To help children understand the tragedy, especially those under 11 years old, psychologists give this advice to parents:
* Take plenty of time to discuss the accident, offer rational explanations and tell children their thoughts had nothing to do with the disaster.
* Emphasize the many successes of the space program and the uniqueness of the mechanical failure.
* Make it clear that any airline “shuttle” they might take to Boston, New York or Washington is a much less complicated vehicle than the spaceship.
In many of the nation’s schools, teachers are setting aside classroom time for children to air their feelings. “They have a ton of questions,” says Luanne Kittle, a teacher at Marymount Junior School in Arlington, Va.
Some school personnel are putting to use the skills they learned when they had to explain the 1981 shooting of President Reagan. Washington-area teacher David Zahren tells pupils that their feelings mirror his as a boy when President Kennedy was killed: “I told them how scared I was and how I wanted to know that the world would be all right and that everything did turn out O.K.”
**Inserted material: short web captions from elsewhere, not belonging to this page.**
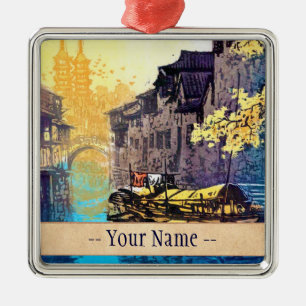 Chou Xing Hua Suzhou Scenery river sunset painting Metal Tree Decoration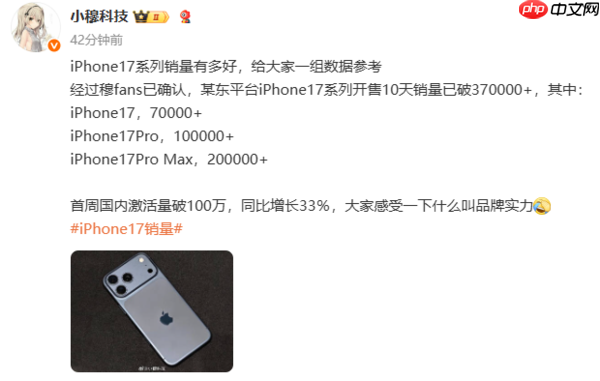 曝iPhone 17系列首周激活量突破100万台 同比猛增33%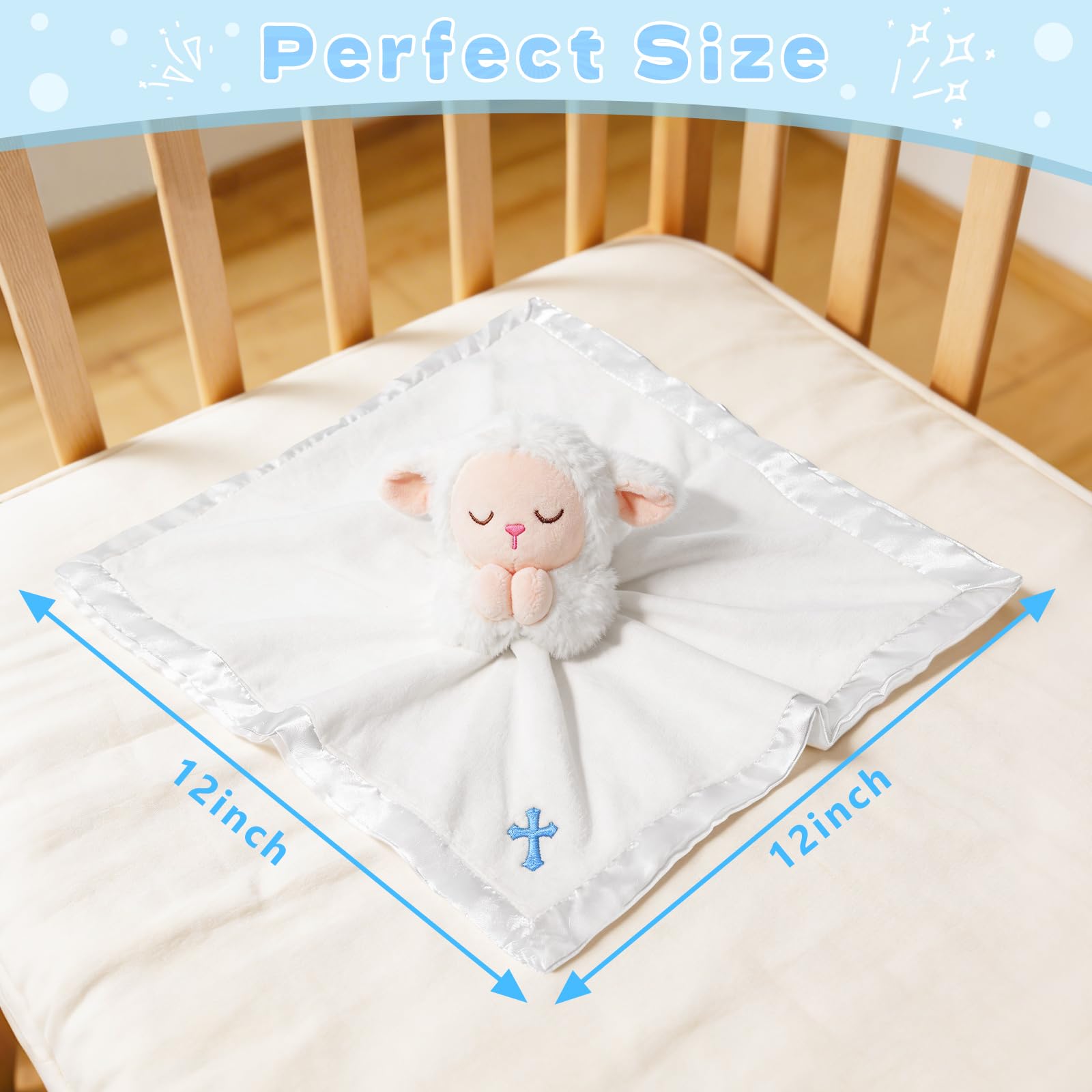 ultra-soft lamb lovey with satin inner layer for calming babies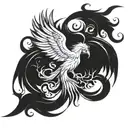 two symmetrical Phoenix one either Side of the chest shoulder and arm tattoo design idea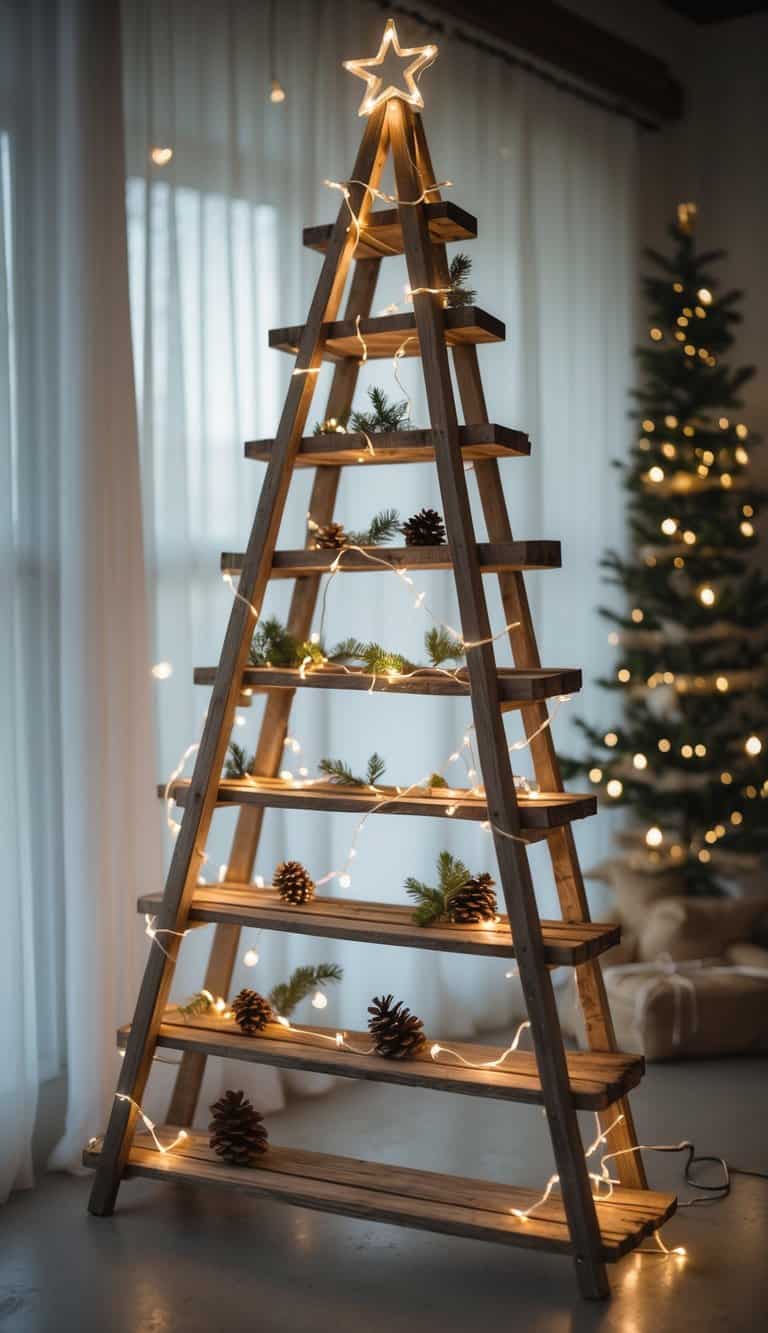 A wooden ladder arranged like a Christmas tree decorated with fairy lights and rustic ornaments indoors.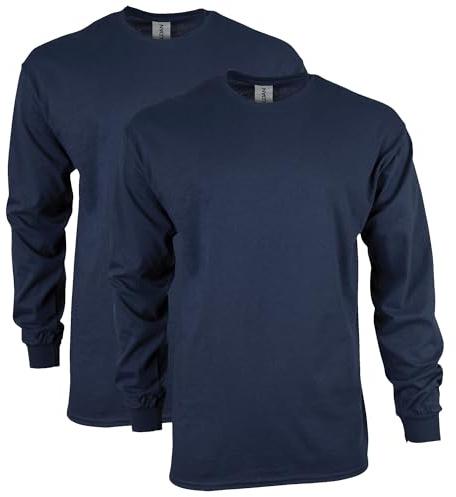 Gildan Men's Ultra Cotton Long Sleeve T-Shirt, Style G2400, Multipack, Navy (2-Pack), X-Large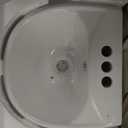 Renovators Supply Manufacturing Ondine Space Saving 16" W x 33" H x 14.5" Proj. Small Bathroom Pedestal Sink, Vitreous China, with Overflow, Compatible with 4 in. Centerset Faucets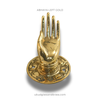 Size #1 Abhaya mudra brass hand wall hook, LEFT hand, gold finish—entryway wall decor and storage.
The Concord, N.H., school where Christa McAuliffe taught provides psychological counseling for any student who wants it. The school system “will do its darnedest to exact as little pain as possible from the students,” says Superintendent Mark Beauvais.
Some experts minimize the effects on youngsters. Children will learn that life goes on, says Robert Coles, Harvard child psychiatrist and author of The Moral Life of Children. “They are often stronger and tougher than we give them credit for being.”
The National Aeronautics and Space Administration for the time being went ahead with its Space Ambassador project, using 104 teachers who were semifinalists in the teacher-in-space program to visit classrooms and discuss space careers with students.
A day after the Challenger disaster, one of the ambassadors — David Zahren — was in the West Friendship Elementary School in Howard County, Md. “I tried to keep a fine balance between being a parent and a counselor and still being enthusiastic about the program,” he recalls.
Finally, when his talk was completed, Zahren asked students how many would like to go into space. “Every hand went up.”